Adaptive parameter identification of Bouc-wen hysteresis model for a vibration system using magnetorheological elastomer

The Bouc-wen hysteresis model has been widely used to design systems using magnetorheological (MR) materials. However, the model parameters cannot be perfectly determined due to the magnetic-field dependency and unmeasurable states. In this study, a novel adaptive parameter identification method is proposed for a model consisting of three components: an estimated model, a hysteresis observer, and adaptive algorithms. While the estimated model refers to the experimental data and adjusts the parameters directly to their actual values, the hysteresis observer is constructed to portray the unmeasurable hysteretic force that is based on the observer dynamic and misalignment.
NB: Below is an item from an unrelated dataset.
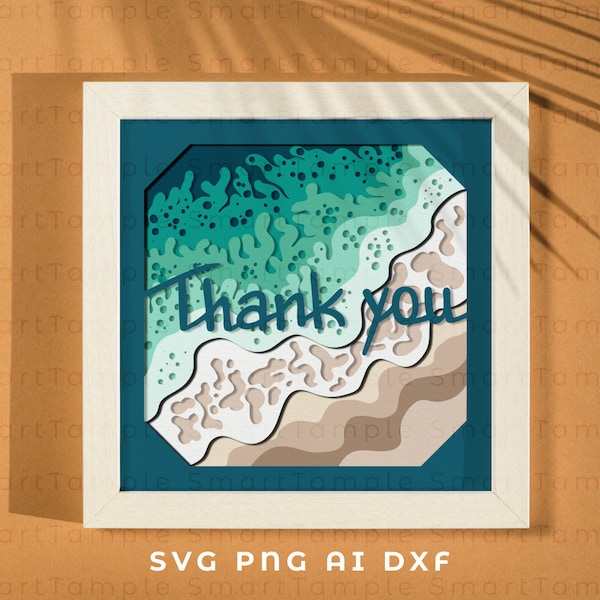 Thank you shadow box, 3d wave art, 3d wave panel, layered beach shadow box svg, 3d summer crafts, summer paper cut, summer laser cut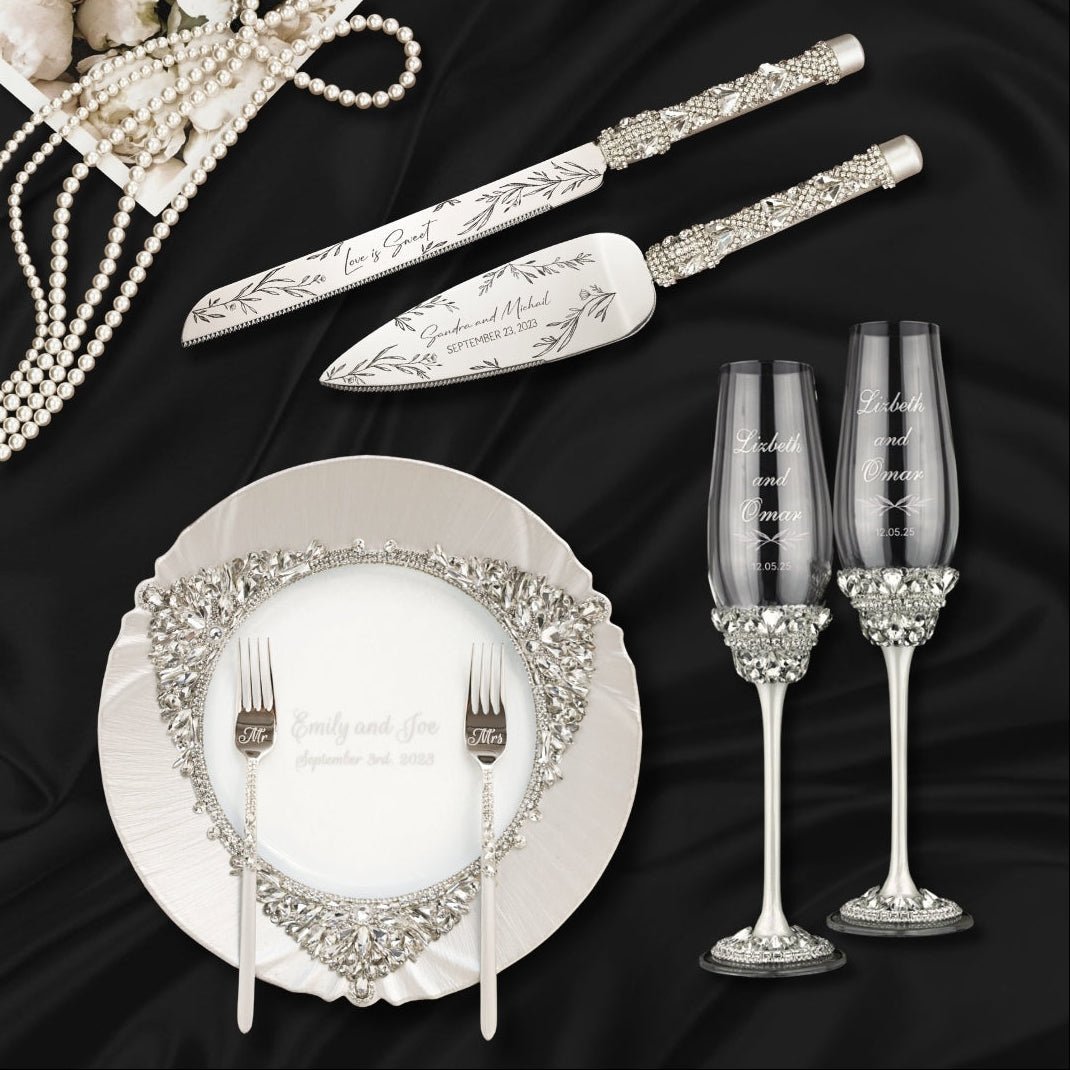 Personalized Crystal Flutes and Set for Cake Ivy White - ELENA HONCH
The proposed adaptive algorithms updated the parameters to actual values based on stability and adaptation theory. The Bouc-wen model, whose parameters were determined by the proposed method, captured the MR elastomer (MRE) characteristics well at different frequencies, amplitudes, and magnetic field strengths. The method was further studied to determine the parameters of a nonlinear vibration structure equipped with an MRE-based isolator. Asymptotic stability in response tracking and robustness in dynamic excitation were demonstrated using this theory. The method was characterized by fast convergence and simple calculations that facilitate the design of vibration control systems with uncertain parameters and hysteretic state. A comparison between the simulation and experimental results proved the effectiveness of the proposed method.

Automated summary

The Bouc-wen hysteresis model is commonly used in designing systems with magnetorheological materials, but the model parameters are difficult to determine. A novel adaptive parameter identification method was proposed in this study, successfully determining the model parameters and demonstrating robust performance in capturing material characteristics and determining parameters for nonlinear vibration structures. This method provides fast convergence and simple calculations for designing vibration control systems with uncertain parameters and hysteretic state.